By Kevin Speyer – Hands-on time series forecasting with LSTM – This post will to teach you how to build your first Recurrent Neural Network (RNN) for series predictions. In particular, we are going to use the Long Short Term Memory (LSTM) RNN, which has gained a lot of attention in the last years. LSTM solve the problem of vanishing / exploding gradients in typical RNN.  Basically, LSTM have an internal state which is able to remember data over long periods of time, allowing it to outperform typical RNN. There is a lot of material on the web regarding the theory of this network, but there are a lot of misleading articles regarding how to apply this algorithm. In this article we will get straight to the point, building an LSTM network, training it and showing how it is able to make predictions based on the historic data it has seen.

Reading the data

We will use the data of monthly industrial production of electric and gas utilities in the United States from the years 1985–2018. The data can be extracted from the Federal Reserve or from kaggle. This data has already been used in one of our other posts regarding time series forecasting. First, we will import the packages needed. The LSTM will be constructed with Keras.
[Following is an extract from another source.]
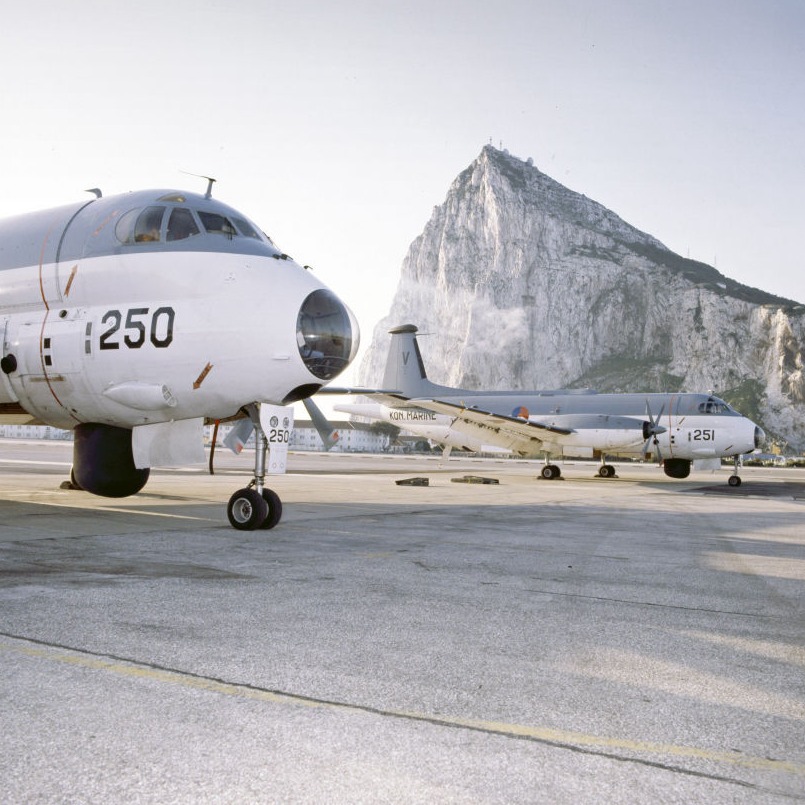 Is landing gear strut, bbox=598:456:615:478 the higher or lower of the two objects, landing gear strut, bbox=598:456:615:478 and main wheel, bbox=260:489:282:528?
the lower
from __future__ import print_function
import numpy as np
import matplotlib.pyplot as plt
import pandas as pd
from keras.models import Sequential
from keras.layers import Dense, LSTM

If there you get an error here, you should install the packages: Keras, Tensorflow, Pandas, Numpy and Matplotlib. Now, lets read the data from a file, and plot it as a function of time:

#Read data
raw_data = pd.read_csv('./Electric_Production_full.csv')
arr_data = np.array(raw_data.Value)

#Plot raw data
plt.plot(arr_data,label = 'Data')
plt.xlabel('time (months)')
plt.ylabel('Energy (au)')
plt.savefig('data.eps', bbox_inches='tight',format='eps')

Splitting the data into training and test

Now, let’s define the parameters to use in the script. Of the 397 data points, we will use 270 for training, and the rest for testing. One particularly important parameter is lahead. This is the size of the input that our model will use to predict the next value. In this case we will use lahead = 1, which means that only one point will be used to predict the next value. This seems like an impossible task, given the complex behaviour of the energy as a function of time. The secret is that the LSTM cell has a persistent state that is able to “remember” the data that it has already seen. For a more detailed description, please read the official Keras documentation on LSTM.

# Set parameters
n_train = 270
lahead = 1 # time steps that the model incorporates explicitly in the input
# training parameters passed to ""
batch_size = 1
epochs = 600

Now let’s split the data into training x_train, y_train; and testing x_test, y_test. Please note that y_train is x_train shifted one place, which corresponds to univariable time-series forecasting. This method can be extended for multivariate time analysis. The same is true for x_test and y_test.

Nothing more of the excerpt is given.